What you are asked to do:
Without including any pictures, write out the data below exactly.

Start of Block

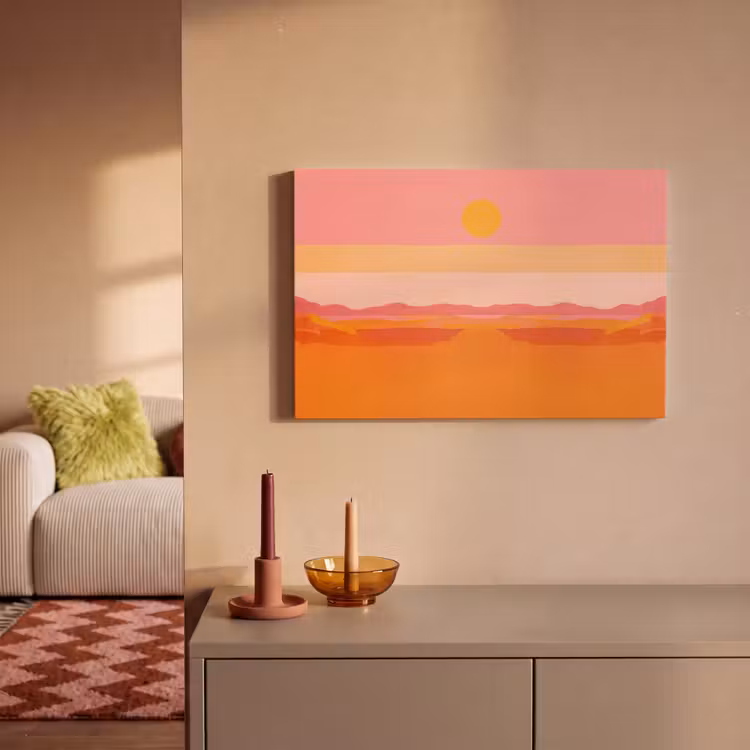 Canvas schilderij - Zon - Abstract - Landschap - Oranje — 2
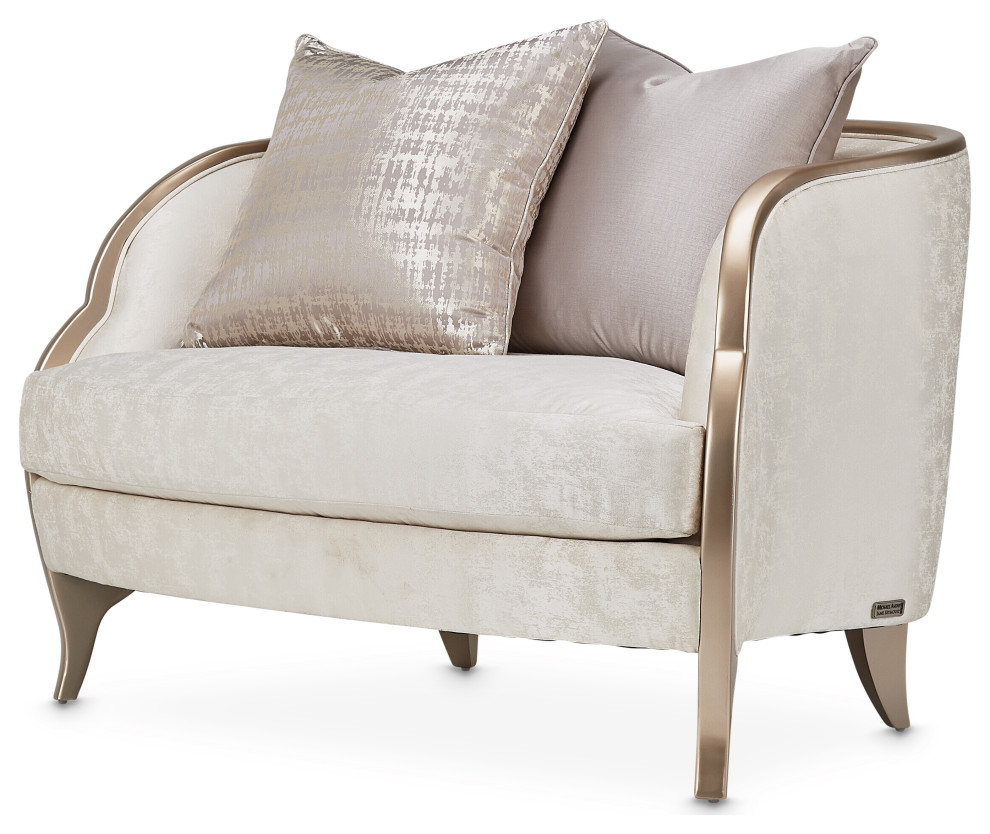 Malibu Crest Chair and Half   Cloud White/Chardonnay   Contemporary   Armchairs And Accent Chairs   by Michael Amini  Houzz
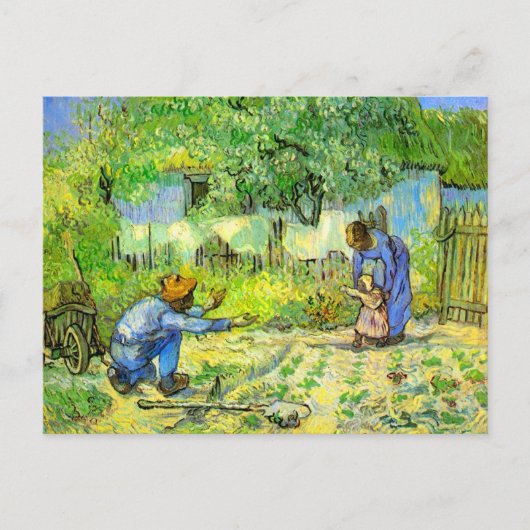 Erste Schritte, 1890 Vincent van Gogh. Postkarte (Vorderseite)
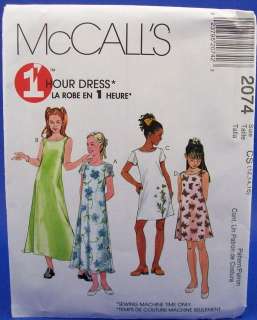McCalls 2074 Girls One Hour Dress Pattern 12, 14, 16  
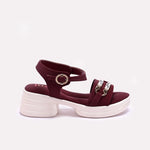 Womens Maroon Platform Sandals
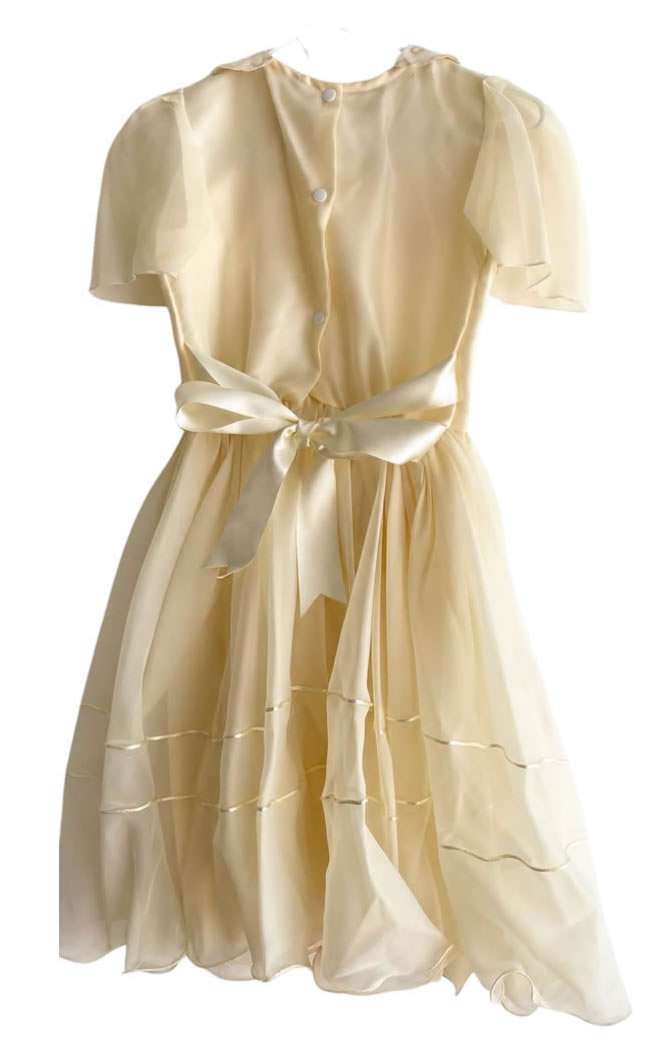 Vestido de gala beige niña - miniatura 2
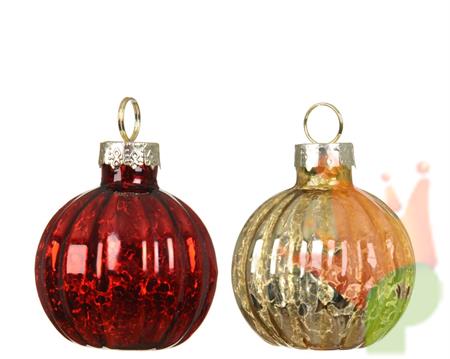PALLINE DI NATALE IN VETRO ANTICO ROSSO/ORO 4CM 6PZ 2ASS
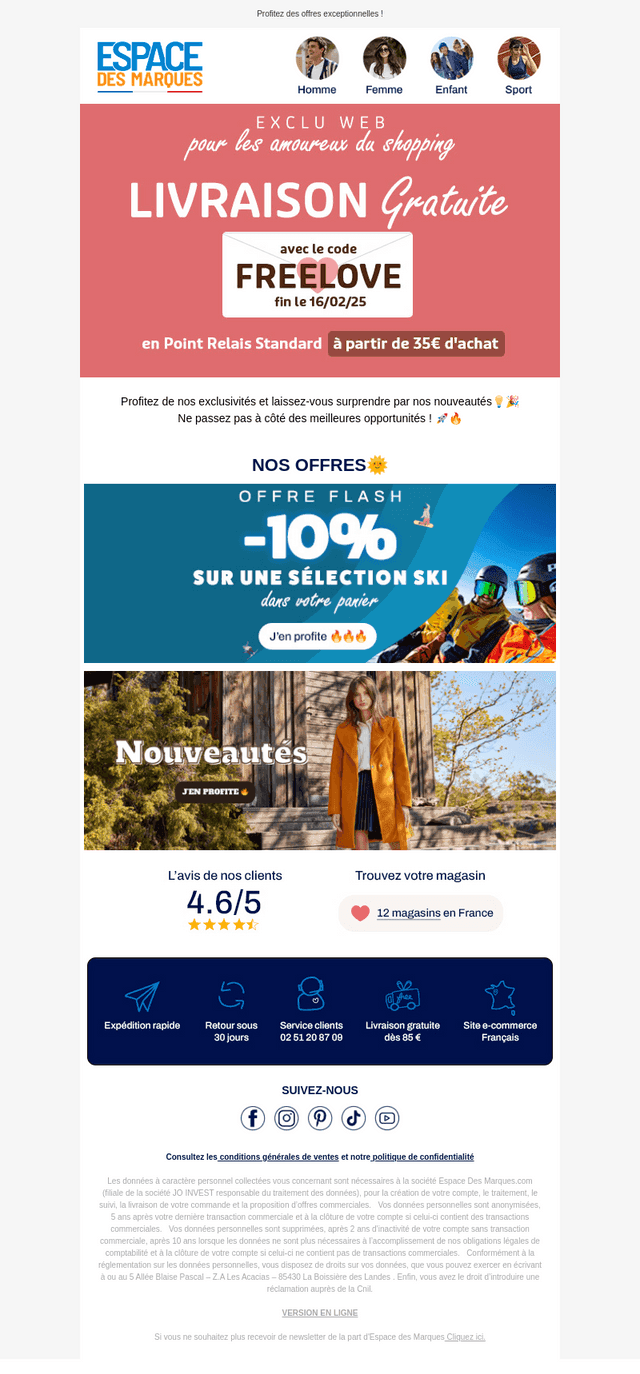LIVRAISON GRATUITE ! ❤️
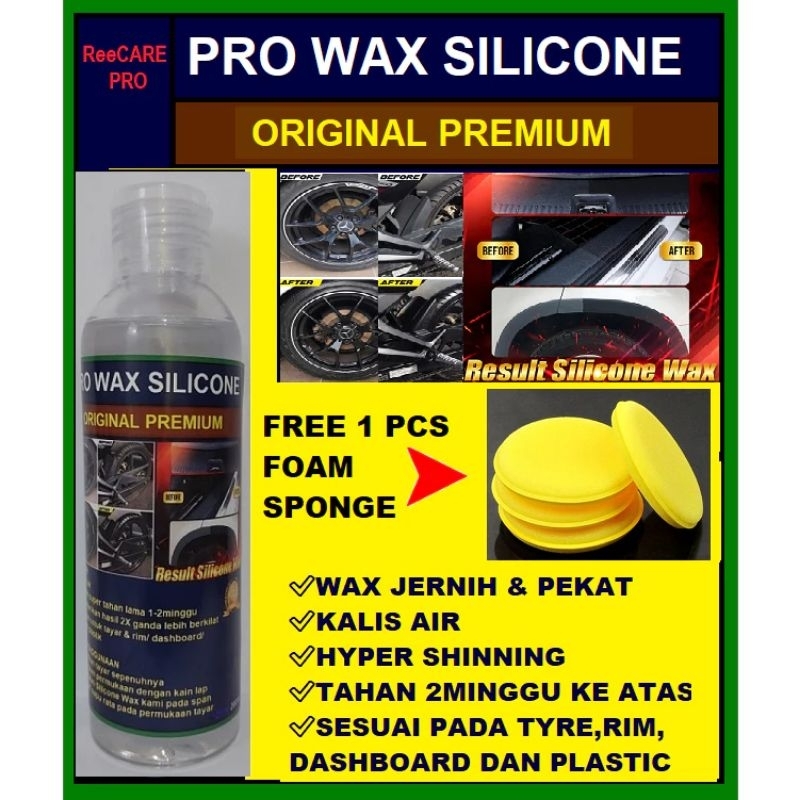 🔥 PROMOSI 🔥 ReeCARE PRO Silicone Wax Tyre Wax 100% Pure Silicone Clear ...
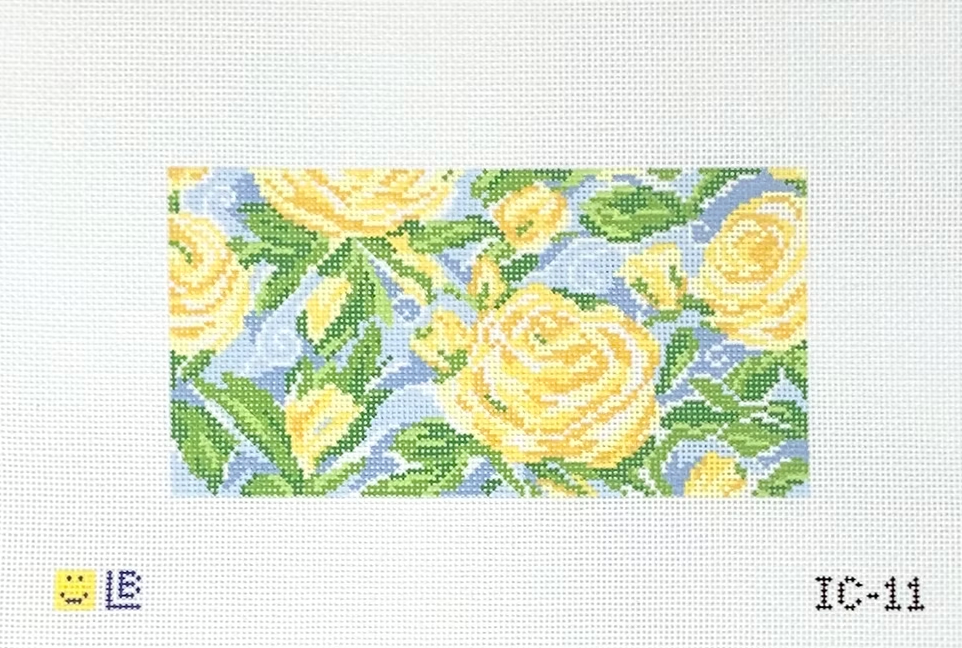 lauren bloch Lilly-Inspired Yellow Roses Eyeglass Case needlepoint canvas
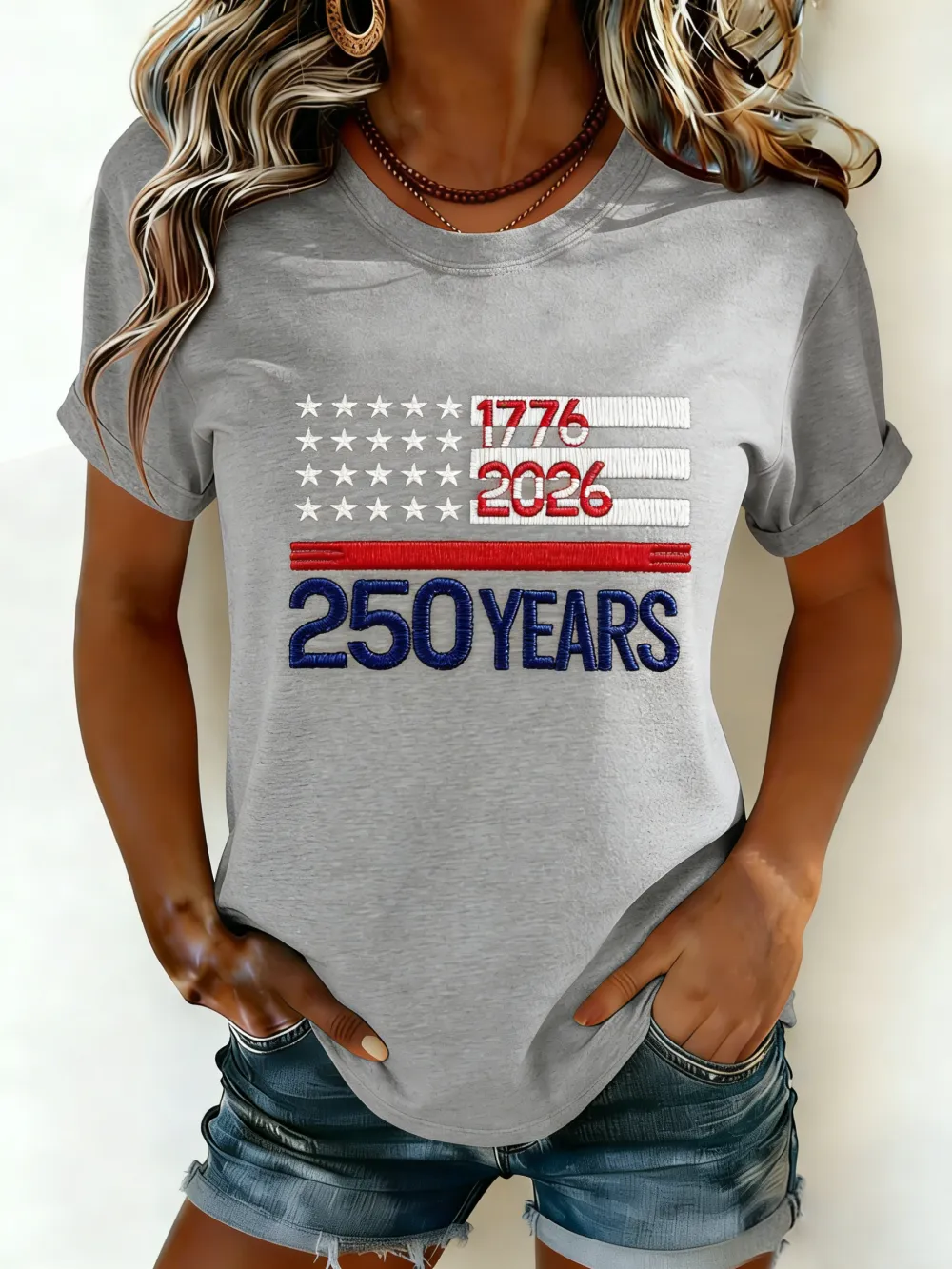 Patriotic USA Flag Embroidered Gradient Tee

End of Block

Answer to this exercise:
 Canvas schilderij - Zon - Abstract - Landschap - Oranje — 2
 Malibu Crest Chair and Half   Cloud White/Chardonnay   Contemporary   Armchairs And Accent Chairs   by Michael Amini  Houzz
 Erste Schritte, 1890 Vincent van Gogh. Postkarte (Vorderseite)
McCalls 2074 Girls One Hour Dress Pattern 12, 14, 16  
 Womens Maroon Platform Sandals
 Vestido de gala beige niña - miniatura 2
PALLINE DI NATALE IN VETRO ANTICO ROSSO/ORO 4CM 6PZ 2ASS
LIVRAISON GRATUITE ! ❤️
 🔥 PROMOSI 🔥 ReeCARE PRO Silicone Wax Tyre Wax 100% Pure Silicone Clear ...
 lauren bloch Lilly-Inspired Yellow Roses Eyeglass Case needlepoint canvas
 Patriotic USA Flag Embroidered Gradient Tee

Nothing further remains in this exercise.